Par courrier reçu le 9 décembre 2022, Mme [J] [V] a contesté cette notification d’indu devant la commission de recours amiable de la [10].
Par requête expédiée le 14 janvier 2023, Mme [J] [V] a saisi le pôle social du tribunal judiciaire de Marseille, en contestation d’une décision implicite de rejet de la commission de recours amiable.
Ladite commission a rendu une décision explicite de rejet du recours le 9 mai 2023, notifiée le 10.
Après une phase de mise en état, l’affaire a été appelée et retenue à l’audience du 23 avril 2025.
En demande, Mme [J] [V] n’est ni présente, ni représentée, et n’a pas fait parvenir à la juridiction les motifs de son absence.
En défense, la [10], aux termes de ses conclusions reprises oralement à l’audience par un inspecteur juridique habilité, sollicite le tribunal aux fins de :
— Dire que Mme [V] devait être indemnisée de son arrêt de travail sur la base d’une indemnité journalière correspondant à une assiette forfaitaire ;
— Confirmer le bien-fondé de l’indu de 3 123,60 euros ;
— Condamner reconventionnellement Mme [V] au remboursement de la somme de 3 123,60 euros ;
— Rejeter les demandes, fins et conclusions de Mme [V].
Au soutien de ses prétentions, la [10] fait valoir que le salaire de référence pour le calcul du montant des indemnités journalières litigieuses devait être pris en compte forfaitairement dans la mesure où le revenu antérieur correspondait à une indemnité de stage de formation professionnelle continue versée par la région Provence-Alpes-Côte d’Azur.

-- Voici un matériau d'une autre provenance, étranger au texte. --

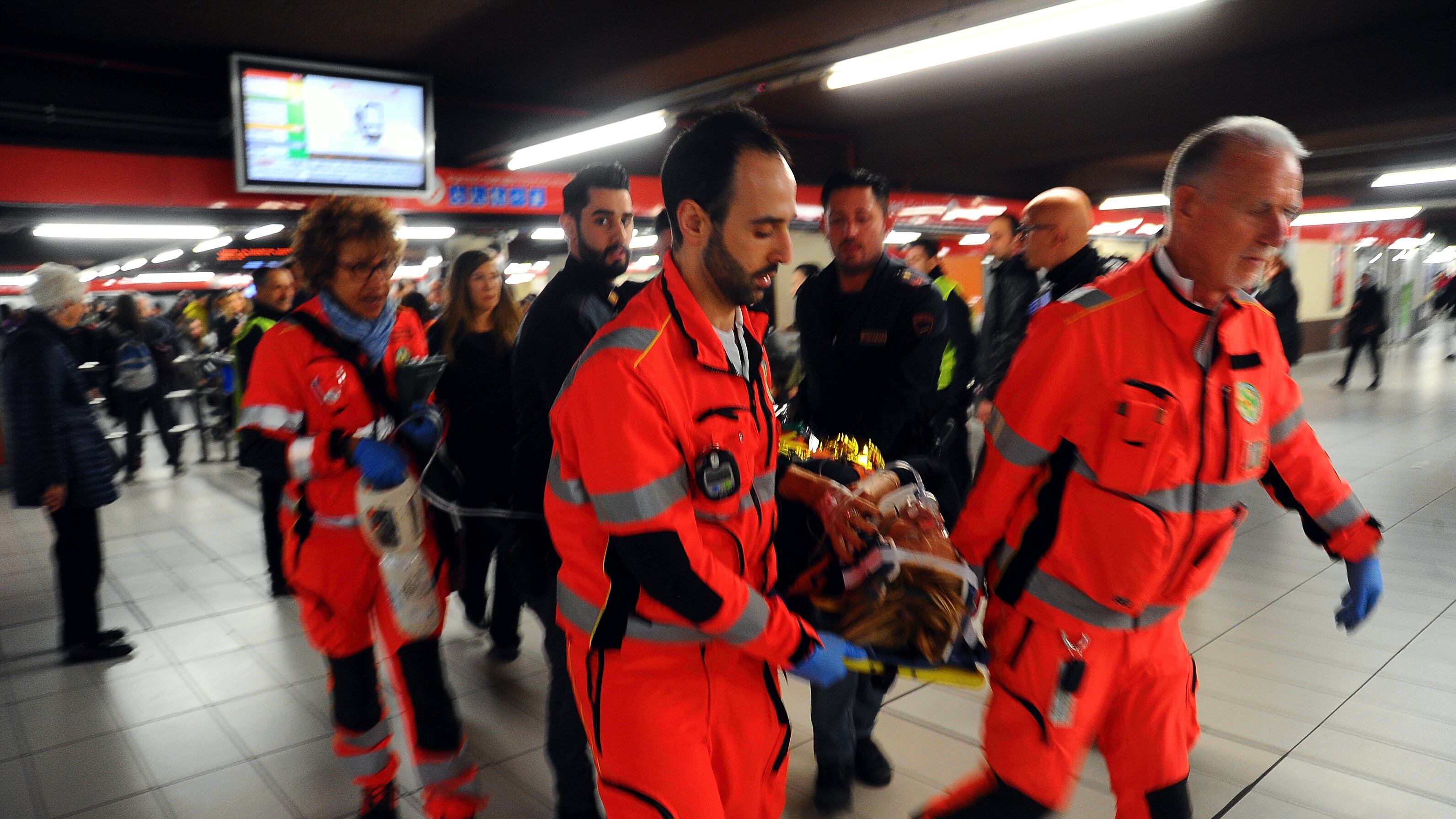 Milano e le frenate in metrò. La procura apre un'inchiesta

Conformément aux dispositions de l’article 455 du code de procédure civile, il est renvoyé aux écritures des parties pour un exposé plus ample de leurs moyens et prétentions.
L’affaire a été mise en délibéré au 16 juillet 2025.
MOTIFS DE LA DECISION :
Sur le bien-fondé de l’indu
En application de l’article 468 du code de procédure civile, si, sans motif légitime, le demandeur ne comparaît pas, le défendeur peut requérir un jugement sur le fond qui sera contradictoire, sauf la faculté du juge de renvoyer l’affaire à une audience ultérieure.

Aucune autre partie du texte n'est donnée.